Thursday, February 1, 2007

Snow Day! Or How I Get Off Track And Completely Trash The Hold Steady.

what i'm listening to right now: "The Room Got Heavy" by Yo La Tengo

Well, it snowed for a few hours, if that this morning. My bosses in their infinite wisdom closed the restaurant for the day. Really could have used the money, but I spent the day with my family out in the woods (North Raleigh). Made everyone fajitas, and listened to my brother play guitar. Lately, he's really been into The Black Keys, and he's gotten their sound down pretty good. We were listening to their ep from last year, Chulahoma, while I was fooling around on his computer. I didn't know he'd stopped playing when the song "My Mind Is Ramblin'" started, that was the best recording of a guitar I'd ever heard! It sounded like it was right there in the room, the fuzzy warm edges of an amp buzzing away next to your ear. It was fantastic!
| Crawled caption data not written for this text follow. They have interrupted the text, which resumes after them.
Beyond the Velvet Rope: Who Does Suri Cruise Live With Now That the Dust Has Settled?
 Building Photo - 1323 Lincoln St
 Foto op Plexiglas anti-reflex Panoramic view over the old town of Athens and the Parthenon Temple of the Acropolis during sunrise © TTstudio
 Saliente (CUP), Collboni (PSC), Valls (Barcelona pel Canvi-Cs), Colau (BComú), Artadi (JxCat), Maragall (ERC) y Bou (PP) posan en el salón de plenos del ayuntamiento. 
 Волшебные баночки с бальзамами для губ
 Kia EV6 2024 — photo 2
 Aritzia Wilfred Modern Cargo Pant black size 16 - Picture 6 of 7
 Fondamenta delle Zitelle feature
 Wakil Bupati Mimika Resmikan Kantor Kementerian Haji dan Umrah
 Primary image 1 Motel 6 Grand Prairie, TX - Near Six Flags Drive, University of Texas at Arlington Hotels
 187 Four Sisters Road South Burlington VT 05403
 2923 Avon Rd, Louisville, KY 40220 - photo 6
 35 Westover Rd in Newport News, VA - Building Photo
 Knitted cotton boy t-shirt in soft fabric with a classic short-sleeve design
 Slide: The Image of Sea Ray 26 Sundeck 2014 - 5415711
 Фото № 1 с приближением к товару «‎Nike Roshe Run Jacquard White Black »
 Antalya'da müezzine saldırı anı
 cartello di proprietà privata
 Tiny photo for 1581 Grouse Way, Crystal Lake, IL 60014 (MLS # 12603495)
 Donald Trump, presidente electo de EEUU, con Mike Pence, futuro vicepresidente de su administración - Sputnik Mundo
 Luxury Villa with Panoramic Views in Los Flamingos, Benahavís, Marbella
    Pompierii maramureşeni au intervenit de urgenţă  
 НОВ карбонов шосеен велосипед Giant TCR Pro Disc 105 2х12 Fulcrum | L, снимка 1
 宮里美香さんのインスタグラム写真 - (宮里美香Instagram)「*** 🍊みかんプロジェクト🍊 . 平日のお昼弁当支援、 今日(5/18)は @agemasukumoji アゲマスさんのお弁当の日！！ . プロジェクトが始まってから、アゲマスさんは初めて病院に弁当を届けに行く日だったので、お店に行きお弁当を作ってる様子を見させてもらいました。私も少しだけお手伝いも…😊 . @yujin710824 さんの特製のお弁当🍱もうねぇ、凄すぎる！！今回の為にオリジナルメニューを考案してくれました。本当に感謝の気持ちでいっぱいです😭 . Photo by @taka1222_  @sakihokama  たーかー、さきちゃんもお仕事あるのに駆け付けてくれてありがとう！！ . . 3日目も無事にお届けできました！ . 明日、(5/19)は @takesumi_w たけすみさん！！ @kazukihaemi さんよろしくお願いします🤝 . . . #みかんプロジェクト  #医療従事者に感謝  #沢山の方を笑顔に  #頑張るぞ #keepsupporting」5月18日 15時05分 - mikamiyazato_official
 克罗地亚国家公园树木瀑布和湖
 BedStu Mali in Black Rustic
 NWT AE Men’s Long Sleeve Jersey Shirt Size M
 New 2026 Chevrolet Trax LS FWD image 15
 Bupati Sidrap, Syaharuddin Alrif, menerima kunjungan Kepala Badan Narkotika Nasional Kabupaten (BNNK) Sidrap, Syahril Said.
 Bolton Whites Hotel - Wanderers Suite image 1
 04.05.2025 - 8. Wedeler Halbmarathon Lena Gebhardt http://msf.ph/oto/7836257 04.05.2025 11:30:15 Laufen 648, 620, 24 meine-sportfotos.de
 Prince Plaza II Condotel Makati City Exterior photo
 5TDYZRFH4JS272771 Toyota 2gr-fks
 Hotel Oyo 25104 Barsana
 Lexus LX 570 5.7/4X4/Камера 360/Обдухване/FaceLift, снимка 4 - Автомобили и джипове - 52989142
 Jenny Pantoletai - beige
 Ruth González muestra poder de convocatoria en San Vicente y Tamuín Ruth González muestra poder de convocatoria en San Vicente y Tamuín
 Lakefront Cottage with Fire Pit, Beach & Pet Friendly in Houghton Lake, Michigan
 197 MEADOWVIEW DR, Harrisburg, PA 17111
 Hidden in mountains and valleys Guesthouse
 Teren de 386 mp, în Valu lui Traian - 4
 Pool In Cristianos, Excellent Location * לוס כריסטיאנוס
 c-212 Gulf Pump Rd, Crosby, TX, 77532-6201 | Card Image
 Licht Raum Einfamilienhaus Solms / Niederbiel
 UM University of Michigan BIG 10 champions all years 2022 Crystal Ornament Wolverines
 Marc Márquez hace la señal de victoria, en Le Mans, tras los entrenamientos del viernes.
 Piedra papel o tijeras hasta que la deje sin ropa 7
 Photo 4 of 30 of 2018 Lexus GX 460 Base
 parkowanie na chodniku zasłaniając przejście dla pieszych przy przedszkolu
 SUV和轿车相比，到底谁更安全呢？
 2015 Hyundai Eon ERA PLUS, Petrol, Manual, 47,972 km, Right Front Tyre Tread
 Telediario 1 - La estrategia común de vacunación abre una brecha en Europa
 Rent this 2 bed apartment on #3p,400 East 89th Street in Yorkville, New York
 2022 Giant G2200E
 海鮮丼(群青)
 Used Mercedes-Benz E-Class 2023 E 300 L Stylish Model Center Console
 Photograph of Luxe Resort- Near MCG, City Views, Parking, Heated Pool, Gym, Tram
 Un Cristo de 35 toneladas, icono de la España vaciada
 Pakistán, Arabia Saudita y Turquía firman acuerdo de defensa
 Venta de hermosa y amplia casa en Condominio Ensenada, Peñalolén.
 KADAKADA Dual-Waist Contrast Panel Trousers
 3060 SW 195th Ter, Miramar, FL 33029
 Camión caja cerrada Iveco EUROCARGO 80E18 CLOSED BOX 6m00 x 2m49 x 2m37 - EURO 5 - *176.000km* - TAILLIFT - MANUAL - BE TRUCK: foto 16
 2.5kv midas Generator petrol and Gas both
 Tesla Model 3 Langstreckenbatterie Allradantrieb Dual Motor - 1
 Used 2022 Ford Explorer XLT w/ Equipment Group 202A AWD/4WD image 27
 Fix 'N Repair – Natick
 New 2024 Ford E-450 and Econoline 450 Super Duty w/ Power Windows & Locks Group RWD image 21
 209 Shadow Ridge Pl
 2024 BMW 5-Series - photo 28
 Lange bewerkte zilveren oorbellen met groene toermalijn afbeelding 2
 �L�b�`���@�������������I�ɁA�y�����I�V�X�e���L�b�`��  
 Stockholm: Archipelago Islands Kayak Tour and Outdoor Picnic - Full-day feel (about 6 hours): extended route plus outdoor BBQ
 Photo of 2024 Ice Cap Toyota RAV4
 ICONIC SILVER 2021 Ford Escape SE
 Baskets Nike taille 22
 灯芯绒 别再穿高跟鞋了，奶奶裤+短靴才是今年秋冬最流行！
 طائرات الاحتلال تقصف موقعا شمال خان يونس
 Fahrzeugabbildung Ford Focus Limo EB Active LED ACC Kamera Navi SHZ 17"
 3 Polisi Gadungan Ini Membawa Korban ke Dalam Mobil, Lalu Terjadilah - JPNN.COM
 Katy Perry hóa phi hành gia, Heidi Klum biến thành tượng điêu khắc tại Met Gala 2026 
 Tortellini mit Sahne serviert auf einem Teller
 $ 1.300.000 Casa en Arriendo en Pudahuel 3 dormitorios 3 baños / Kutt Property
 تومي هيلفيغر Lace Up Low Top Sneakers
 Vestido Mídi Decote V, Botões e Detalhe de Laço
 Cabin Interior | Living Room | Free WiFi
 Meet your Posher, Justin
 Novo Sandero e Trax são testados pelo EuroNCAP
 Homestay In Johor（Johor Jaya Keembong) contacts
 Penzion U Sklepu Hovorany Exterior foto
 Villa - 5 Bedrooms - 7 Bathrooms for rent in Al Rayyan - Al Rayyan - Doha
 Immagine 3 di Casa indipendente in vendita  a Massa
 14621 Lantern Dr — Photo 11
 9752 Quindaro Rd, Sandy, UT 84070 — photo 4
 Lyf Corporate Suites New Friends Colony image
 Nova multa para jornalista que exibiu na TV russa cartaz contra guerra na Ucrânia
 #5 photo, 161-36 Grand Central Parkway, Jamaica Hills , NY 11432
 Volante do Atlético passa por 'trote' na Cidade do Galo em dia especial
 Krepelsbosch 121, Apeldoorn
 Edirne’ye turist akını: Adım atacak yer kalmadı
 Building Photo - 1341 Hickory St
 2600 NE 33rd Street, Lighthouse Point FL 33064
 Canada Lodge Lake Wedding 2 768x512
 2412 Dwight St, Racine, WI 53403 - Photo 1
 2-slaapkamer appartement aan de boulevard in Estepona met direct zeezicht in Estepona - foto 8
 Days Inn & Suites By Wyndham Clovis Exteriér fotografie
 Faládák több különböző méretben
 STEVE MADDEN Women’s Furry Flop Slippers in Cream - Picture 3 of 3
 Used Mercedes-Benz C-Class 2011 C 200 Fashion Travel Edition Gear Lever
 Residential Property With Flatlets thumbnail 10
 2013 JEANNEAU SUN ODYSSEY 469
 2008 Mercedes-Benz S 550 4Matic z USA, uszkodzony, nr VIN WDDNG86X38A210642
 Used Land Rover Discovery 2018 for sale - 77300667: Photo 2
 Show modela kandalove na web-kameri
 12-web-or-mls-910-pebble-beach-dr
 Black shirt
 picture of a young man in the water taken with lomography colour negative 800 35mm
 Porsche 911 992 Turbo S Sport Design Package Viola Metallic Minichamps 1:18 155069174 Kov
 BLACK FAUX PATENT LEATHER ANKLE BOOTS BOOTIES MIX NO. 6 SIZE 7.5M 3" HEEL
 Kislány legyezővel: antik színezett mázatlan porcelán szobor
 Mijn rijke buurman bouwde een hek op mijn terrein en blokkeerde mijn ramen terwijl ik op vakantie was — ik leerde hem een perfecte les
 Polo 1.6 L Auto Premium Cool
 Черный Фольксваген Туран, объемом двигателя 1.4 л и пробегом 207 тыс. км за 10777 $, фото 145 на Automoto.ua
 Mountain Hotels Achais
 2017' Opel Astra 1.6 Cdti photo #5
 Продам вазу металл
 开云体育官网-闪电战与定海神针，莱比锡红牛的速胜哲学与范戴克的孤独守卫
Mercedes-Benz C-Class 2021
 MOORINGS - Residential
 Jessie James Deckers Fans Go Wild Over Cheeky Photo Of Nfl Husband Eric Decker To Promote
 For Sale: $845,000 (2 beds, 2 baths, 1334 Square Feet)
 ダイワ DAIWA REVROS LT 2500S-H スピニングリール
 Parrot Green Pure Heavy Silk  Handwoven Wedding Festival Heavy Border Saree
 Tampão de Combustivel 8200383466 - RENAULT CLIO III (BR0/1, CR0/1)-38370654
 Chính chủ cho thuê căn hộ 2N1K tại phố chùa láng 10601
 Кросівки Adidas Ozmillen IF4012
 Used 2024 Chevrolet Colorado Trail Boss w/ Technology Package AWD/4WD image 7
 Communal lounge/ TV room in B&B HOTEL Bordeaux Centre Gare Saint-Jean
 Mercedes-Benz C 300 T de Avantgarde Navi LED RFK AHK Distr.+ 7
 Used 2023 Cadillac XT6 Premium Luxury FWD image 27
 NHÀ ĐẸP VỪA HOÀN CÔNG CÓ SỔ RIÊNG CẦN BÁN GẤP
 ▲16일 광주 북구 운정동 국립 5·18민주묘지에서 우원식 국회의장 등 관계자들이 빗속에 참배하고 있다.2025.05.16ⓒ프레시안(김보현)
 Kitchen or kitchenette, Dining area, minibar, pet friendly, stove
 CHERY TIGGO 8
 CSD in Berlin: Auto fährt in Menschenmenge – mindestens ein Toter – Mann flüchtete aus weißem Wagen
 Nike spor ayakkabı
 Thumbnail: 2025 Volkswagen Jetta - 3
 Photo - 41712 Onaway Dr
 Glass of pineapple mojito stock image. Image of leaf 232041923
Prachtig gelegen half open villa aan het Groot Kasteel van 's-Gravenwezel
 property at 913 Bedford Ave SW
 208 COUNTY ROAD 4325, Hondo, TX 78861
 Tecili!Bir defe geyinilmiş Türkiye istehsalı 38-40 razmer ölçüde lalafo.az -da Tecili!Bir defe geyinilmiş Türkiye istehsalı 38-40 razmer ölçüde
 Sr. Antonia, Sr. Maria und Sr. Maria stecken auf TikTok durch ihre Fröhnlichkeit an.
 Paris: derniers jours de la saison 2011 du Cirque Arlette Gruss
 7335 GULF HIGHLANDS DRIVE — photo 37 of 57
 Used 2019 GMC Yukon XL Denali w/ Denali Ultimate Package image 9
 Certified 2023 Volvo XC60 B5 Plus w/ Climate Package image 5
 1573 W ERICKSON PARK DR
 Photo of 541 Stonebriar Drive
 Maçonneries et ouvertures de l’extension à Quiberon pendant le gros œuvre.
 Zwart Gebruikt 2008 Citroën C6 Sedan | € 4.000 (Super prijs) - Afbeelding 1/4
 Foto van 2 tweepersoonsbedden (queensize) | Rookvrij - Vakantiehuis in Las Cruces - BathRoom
And every time I've heard something that great lately, I've thought of all the money people have wasted on that Hold Steady album, Boys and Girls in America. Which might have the worst sound guitars since.... I really can't think of what sounds worse. The guitars sound like a cartoon version of what a guitar solo should sound like. Maybe like something that Jesse and The Rippers would have performed in their "Full House" hey day. heyday? One word or two? Anyway, if you don't remember, Uncle Jesse, the one-time Beach Boys drummer had a band that would do a sitcom writer's approximation of rock'n'roll. Not to say that The Hold Steady are crass extensions of a television series. Or that they would be. With what sound like roots in punk, they might have some semblance of indiethics. I'm not sure, I don't know enough about this band. I just know that most people who've had the chance to have their thoughts on music published last year frothed and panted at that album's feet. But, man, those guitars! I spent money on "Boys And Girls In America", and I'm very upset that I did. It sounds like if the guy from Red House Painters was a snotty punk who was backed by The E-Street band on it's worst day, and instead of the cheesy saxophone of Clarence, they've got this bullshit guitar squealling all over the place. Sure, singer Craig Finn could score points for having some smart lyrics. Yet, plenty of people have smart lyrics, I listen to smart lyrics all day long. Smart lyrics can only get you so far, melody and the music said lyrics are being recited over are key as well. Let's take for example David Bowie. Bowie's lyrics are awful. The only reason he's gotten away with this for decades on end is because he can sing, and he knows his way around a melody. Craig Finn writes good lyrics, but he speak/sings them with no attempt at a melody. Others I've talked to about this album have told me that it almost sound like an attempt at selling out. At reaching a mass Nickleback like audience with lowest common denominator music, tapping into what Springsteen did thirty years ago with songs about teenage nights. But what they don't realize is that the arrangments are too busy for the 96rock drivetime ear, and that he's sing/speaking! That worked for Lou Reed... once! If there's someone who can change my opinion on this out there, I completely welcome their attempt. As it stands, I'm just not buying it.